Rev. Dr. Floyd Flake, pastor of the Cathedral of the Allen AME, and Judy Vredenburgh, president and chief executive officer of Big Brothers Big Sisters of America, announced the partnership during each of the church's three masses.
"We are proud of our mentoring results, but what we've done by bring in the Big Brothers and Big Sisters is to elevate our mentoring programs, " Flake told the congregants at the 11:30 a.m. mass. "We need mentors, not folks who talk about the number of kids off in jail and not in school. We need people to do something about it."
He said U.S. Rep Gregory Meeks (D-St. Albans) and state Sen. Malcolm Smith (D-St. Albans) will be mentors in program, and if the two busy politicians have the time and energy to help kids, everyone in the congregation has the time.
"This is a tremendous partnership between Allen AME and Big Brothers Big Sisters," said Vredenburgh. "Rev. Flake has really gotten behind mentoring, and getting involved dramatically changes the kids' lives."
She said it was the first partnership that her organization has developed with a church. The model should bring more adult mentors into Big Brothers and Big Sisters and serve as the archetype for the rest of the country, she said.
The Allen AME at 110-31 Merrick Blvd. in Jamaica is one of the largest churches in New York City. It was founded in 1834 and serves thousands of people in southeast Queens with outreach ministries that affect the lives of community members.
Big Brothers and Big Sisters of New York City began in 1904 as the first formalized mentoring program in the United States. The organization trains and monitors adults who want to spend six to 10 hours a month with school age children.
A recent study conducted by George Washington University found that 87 percent of the children who participated in Big Brothers Big Sisters of New York showed improved self-esteem, 76 percent stayed out of trouble with the law, 68 percent improved their school attendance and grades, and 67 percent improved their family relationships.
Rodeena Kirton, the program director, said the church's existing mentoring program has about 75 adults and it hopes to bring in another 100 over the course of a year. The existing programs will be shifted to the BBBS's program umbrella.
"A lot of the children in the program will come from the church, but it is not a requirement," she said. "We want to expand the mentoring within the community. We are receiving calls from mothers from the community who need mentoring for their children."
She said the program can make a difference with youth because the mentor provides an outside perspective.

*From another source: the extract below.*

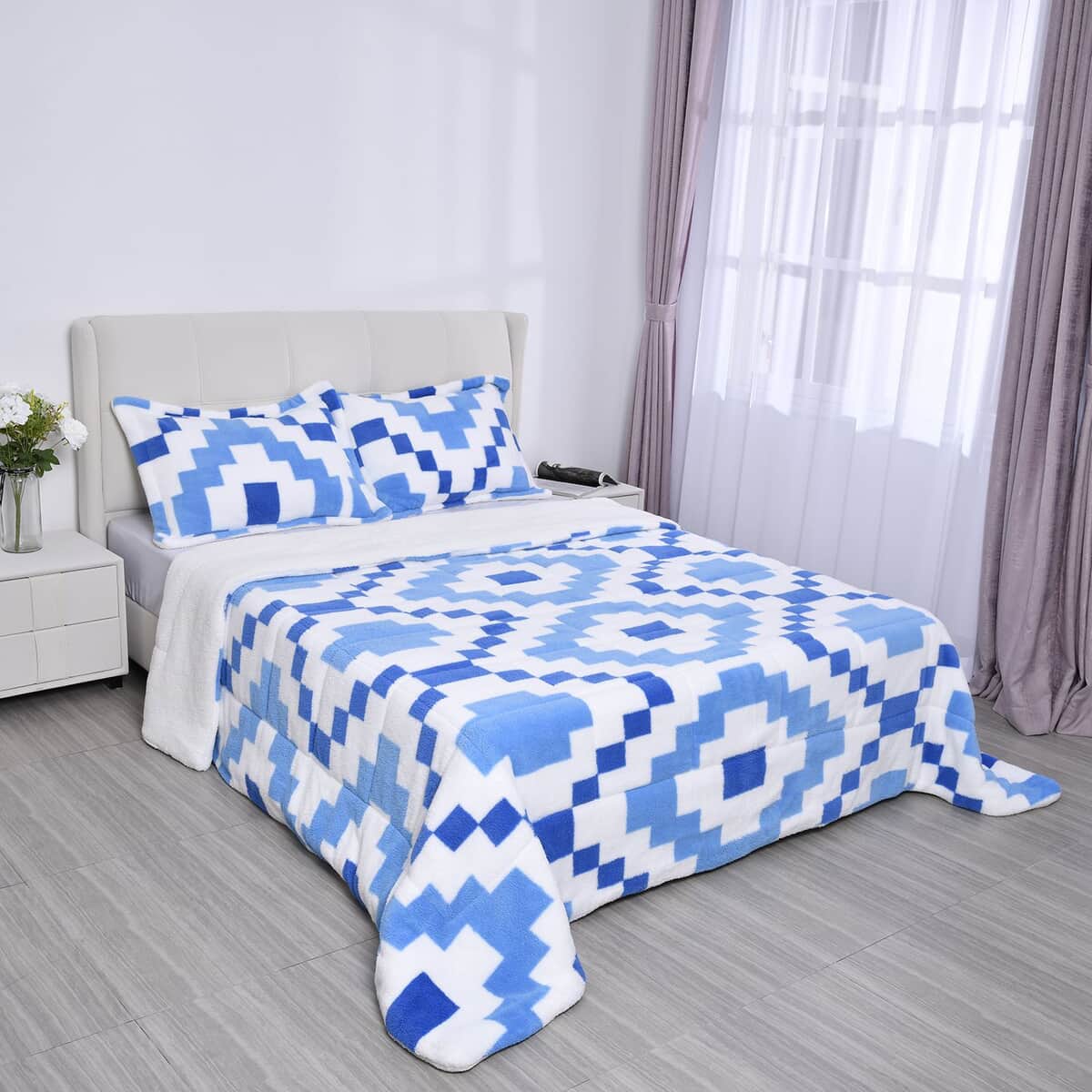 Homesmart Set of 3 Blue Checkered Printed Sherpa Comforter and Pillowcase image number 0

Studies have shown that one-on-one mentoring improves children's attitudes about themselves and school, Kirton said. The effect on the children might not be very obvious in the beginning, but latter in life the benefits will be seen, she said.
"This is a win-win collaboration," Flake said. "Our community wins from the positive influence of mentoring, our youngsters win since their mentors - as dedicated family, career and community members - will provide them with a different perspective on life and a chance to flourish, and these mentors win as they watch their efforts bloom."